Why it’s so Hard to Decide How to Study Japanese — 4 Comments

  1. Your comment on how one negative comment can ruin your entire opinion on something rings very true to me. If I see a couple very bad reviews on an Amazon item (even if there are a massive amount of positive reviews) I’ll often decide against buying it.

    When I first saw this site, like everything else I was skeptical. What made me buy the first deck was the excellent past articles that helped me a lot. But the first deck wasn’t enough to truly hold me if I were to come across a bunch of negative comments(which, thankfully, I never did). What held me and made me decide with no chance of going back was the revolutionary intermediate deck. Once I moved past the first quarter of the deck I was fully convinced this was the best method for me and was unique. It took 5 years mostly waisted to find it! 5 years of information sifting and other garbage methods. Anyways, 2 years later I consider it the best learning decision I ever made in my life. It’s even helped me with learning another subject.
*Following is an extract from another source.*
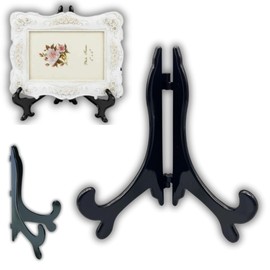 citystores® Medium Black Plate Stand for Display Durable Plate Holder Elegant Design for Home Decor Kitchen Dining (6"-10")
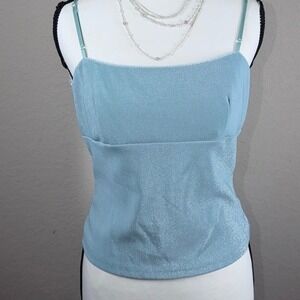 Vintage Metallic Blue Cami Top 90s  Square Neck Sparkle City Triangles Y2K USA 9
    As for how I navigated, 5 years of floundering and then I found Jalup and it proved itself to me. That’s all there is to it.
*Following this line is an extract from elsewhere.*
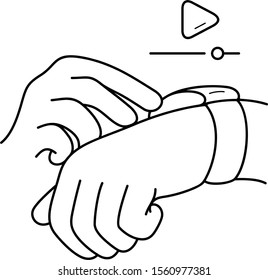 Watch video on smart watch. Vector outline icon.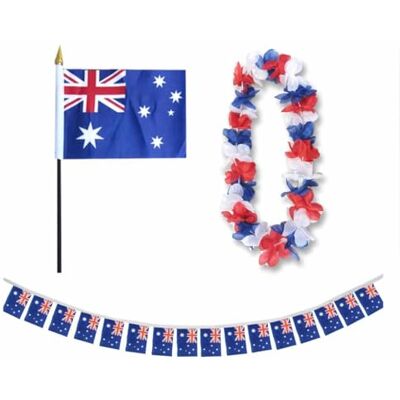 Sonia Originelli Australien Fan-Set 9 mit Tischfahne, Girlande und Hawaiikette Fanartikel in der australischen Nationalflagge für WM, EM und Events Sonia Originelli Australien Fan-Set 9 mit Tischfahne, Girlande und Hawaiikette Fanartikel in der australischen Nationalflagge für WM, EM und Events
    • You can actually really be enjoying a method for a long time, read something negative about it, and then start to second guess yourself. The dangers of negativity :P

      Don’t worry, your 5 years weren’t wasted. They were spent well finally getting to the method that you found would work best for you.
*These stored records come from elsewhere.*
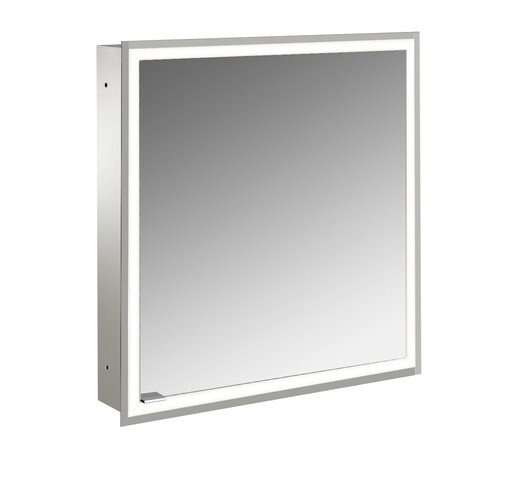 Emco asis prime illuminated mirror cabinet, flush mount model, 1 door, stop right, 600mm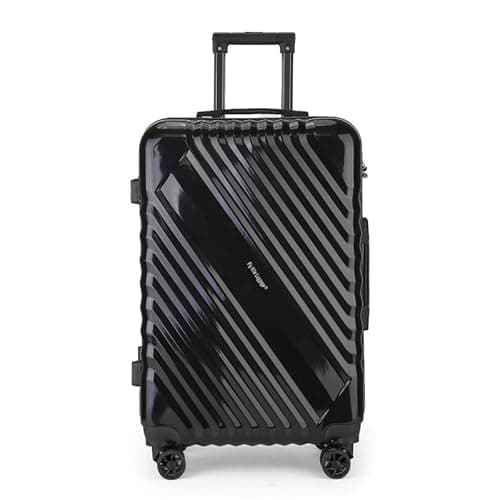 Image of Fly Kite Luggage 28 Inch Large Suitcase PC+ABS Hard Shell with Aluminium Trolley Handle, Real TSA 3 Digit Secure Lock, 360° Smooth Wheels Lightweight Suitcase Black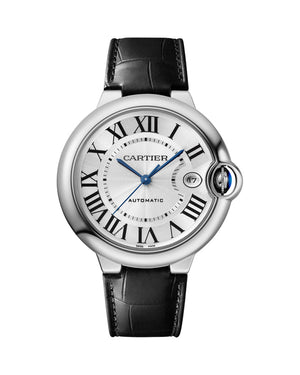 Buy Shop Cartier Ballon Bleu de Cartier Silver Dial Black Leather Strap Watch for Men - WSBB0026 USA Online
      In a series of upcoming Adam & Yuki show episodes, we talk about all the “wasted” time I spent going through a mountain of different textbooks.

  2. I definitely feel this. I’m using the Kodansha Kanji Learner’s Course (+Anki deck) and it’s pretty good but sometimes I feel like I’m missing out because I’m not using RTK or WaniKani or Kanji Kingdom. But hey, it doesn’t matter how you get there as long as everyone ends up in the same place at the end ;p

    • If you are enjoying the Kondasha Kanji course and are satisfied with your improvement, then don’t worry about “greener pastures.” There’s always going to be something that you think might be better but it’s not worth thinking about if you are happy with where you are.